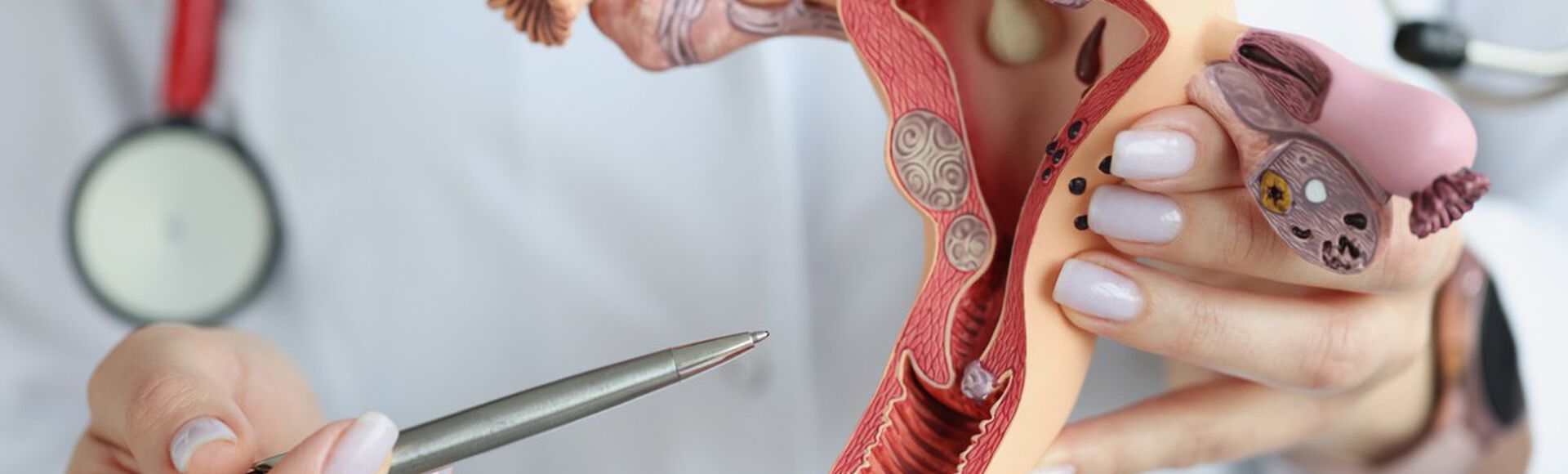 Profissional de saúde segurando modelo seccional de útero e demais estruturas do sistema reprodutor feminino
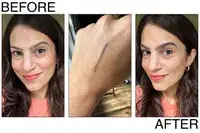 A person before and after using the L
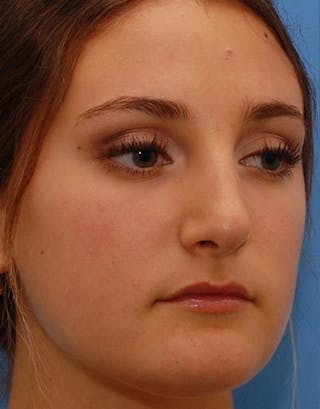 Rhinoplasty Before & After Gallery - Patient 272307 - Image 2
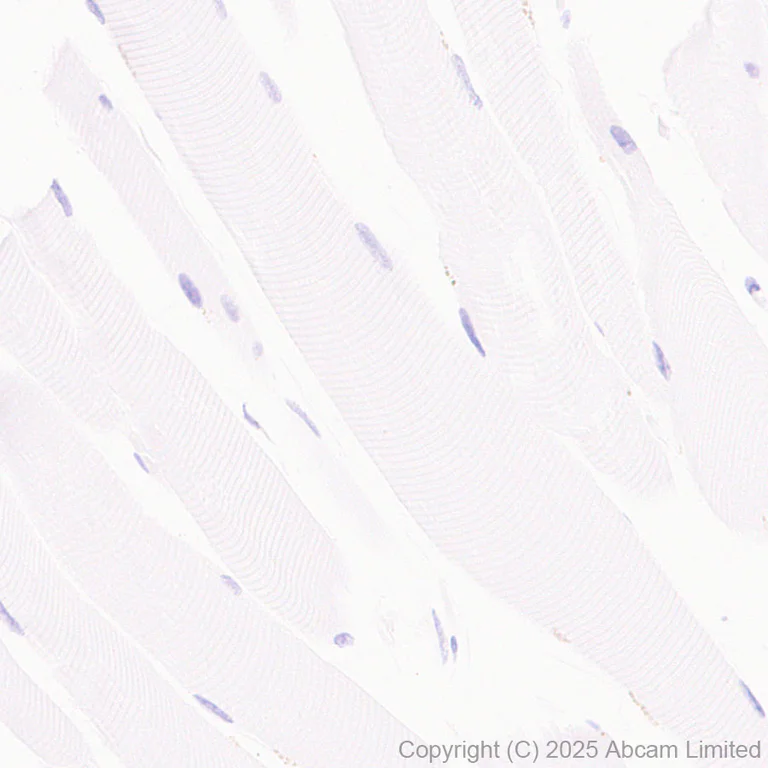 Immunohistochemistry (Formalin/PFA-fixed paraffin-embedded sections) - Anti-MIST-1 antibody [EPR29652-63] (AB324434)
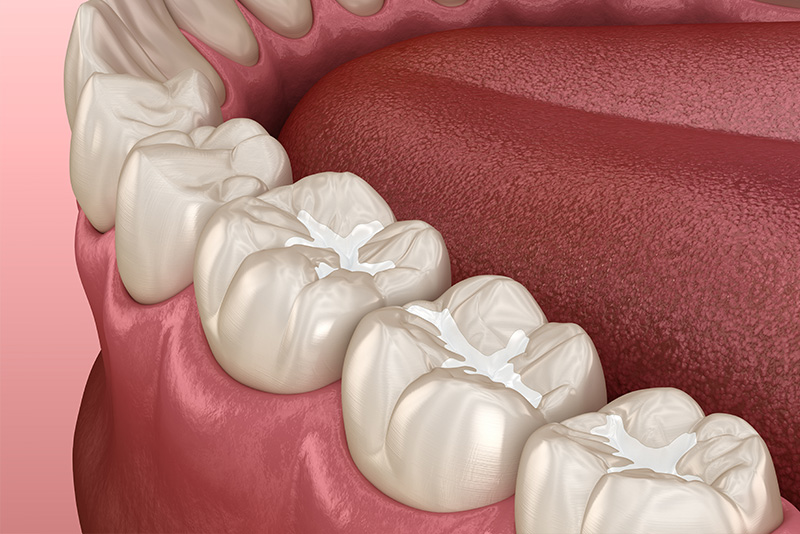 A digital illustration of an open human mouth with teeth and gums, showing a partial view of dental implants.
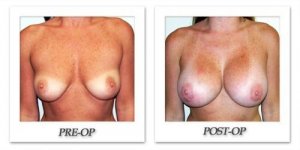 phoca_thumb_l_hodnett-breast-augmentation-025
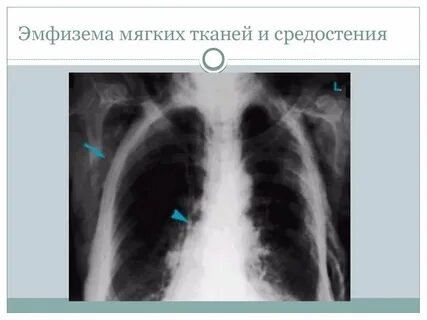 Повреждения средостения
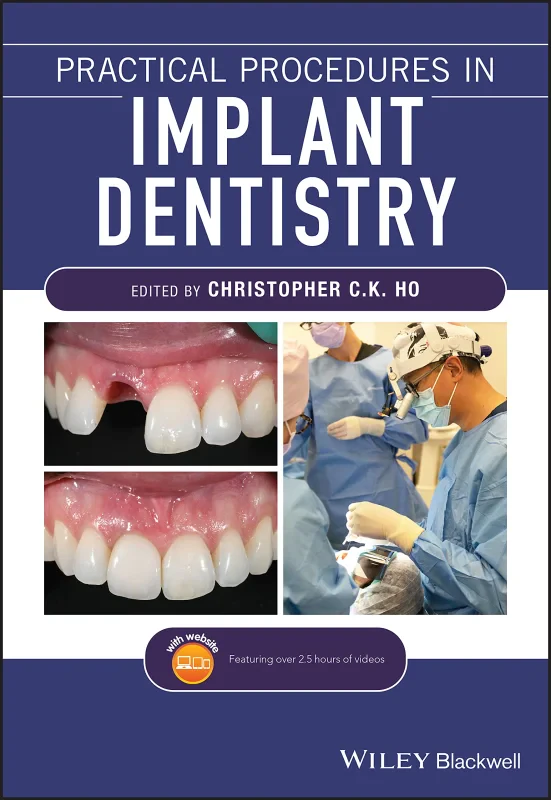 Coperta cărții "Practical Procedures in Implant Dentistry" de autor necunoscut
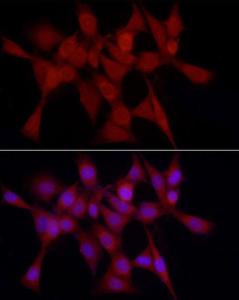 Immunofluorescence analysis of NIH-3T3 using Anti-Heme Oxygenase 1 Antibody (A307279) at dilution of 1 : 50 (40X lens). DAPI was used to stain the cell nuclei (blue)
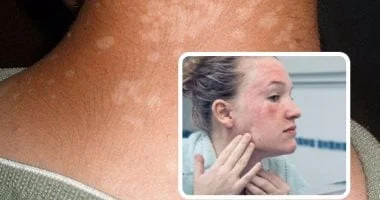 صورة متلازمة الجلد المحروق.. تعرف على معناها وطرق التعامل معها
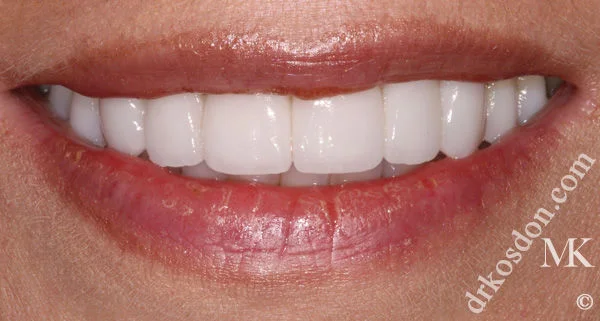 Porcelain Veneers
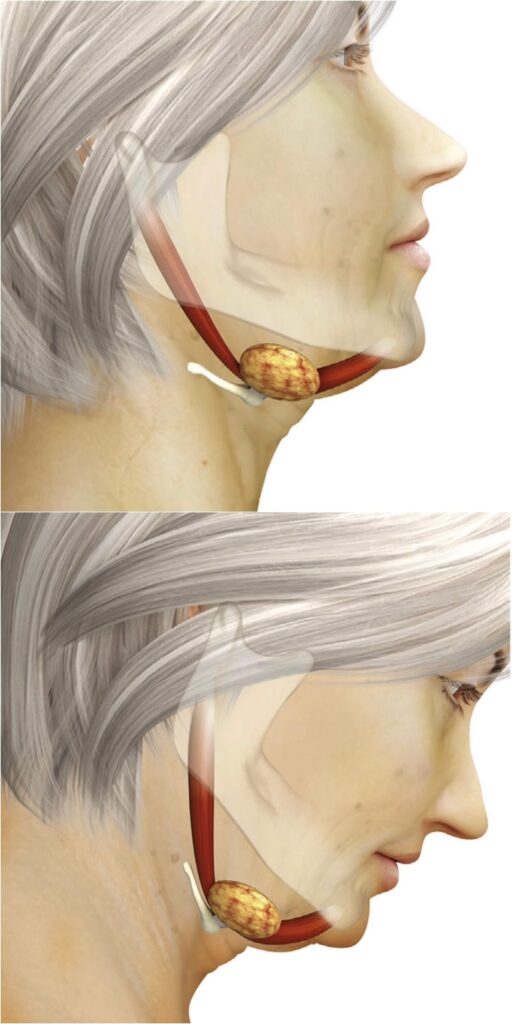 Double-chin-deformity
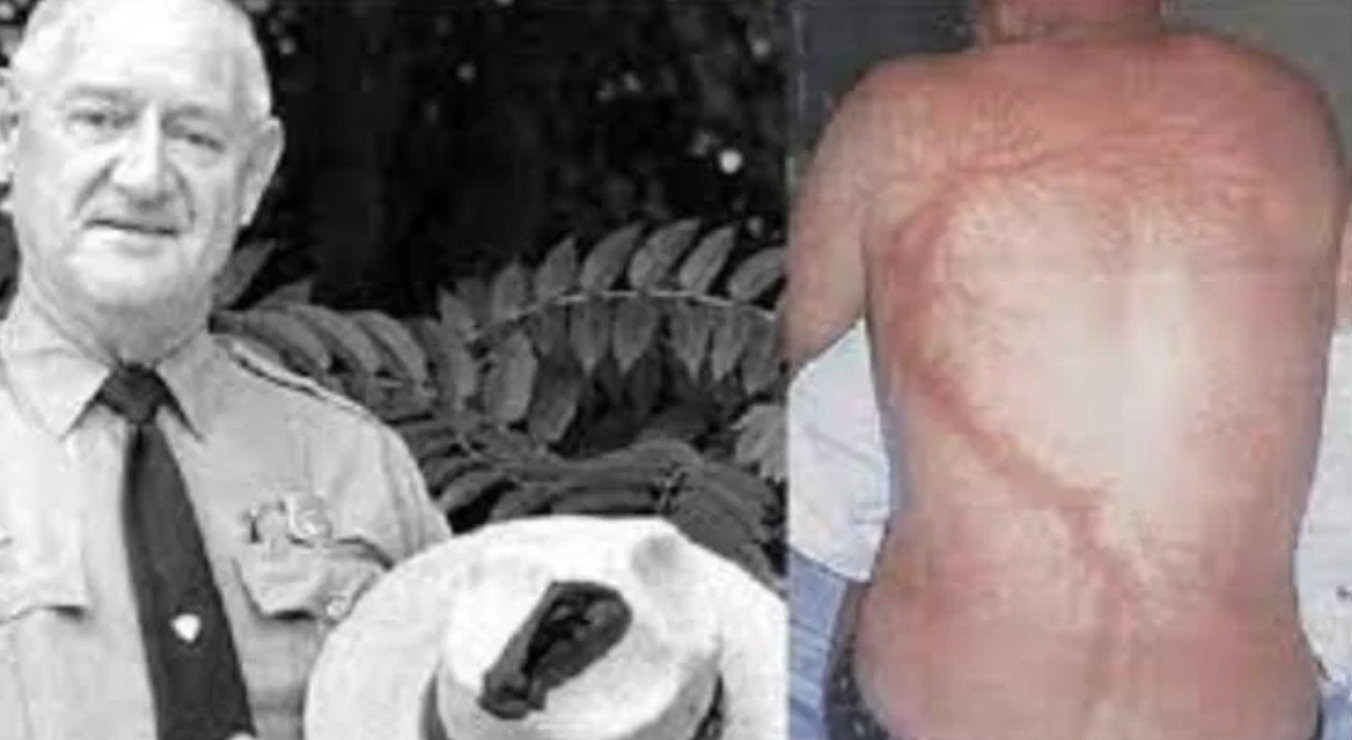 The “Human Lightning Rod” American park ranger Roy Cleveland Sullivan was been hit by lightning seven times and survived.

### WHAT TO DO
Every entry, exactly as written: transcribe it, passing over any pictures.

### RESPONSE TO THIS TASK
 Profissional de saúde segurando modelo seccional de útero e demais estruturas do sistema reprodutor feminino
 A person before and after using the L
 Rhinoplasty Before & After Gallery - Patient 272307 - Image 2
 Immunohistochemistry (Formalin/PFA-fixed paraffin-embedded sections) - Anti-MIST-1 antibody [EPR29652-63] (AB324434)
 A digital illustration of an open human mouth with teeth and gums, showing a partial view of dental implants.
 phoca_thumb_l_hodnett-breast-augmentation-025
 Повреждения средостения
 Coperta cărții "Practical Procedures in Implant Dentistry" de autor necunoscut
 Immunofluorescence analysis of NIH-3T3 using Anti-Heme Oxygenase 1 Antibody (A307279) at dilution of 1 : 50 (40X lens). DAPI was used to stain the cell nuclei (blue)
 صورة متلازمة الجلد المحروق.. تعرف على معناها وطرق التعامل معها
 Porcelain Veneers
 Double-chin-deformity
 The “Human Lightning Rod” American park ranger Roy Cleveland Sullivan was been hit by lightning seven times and survived.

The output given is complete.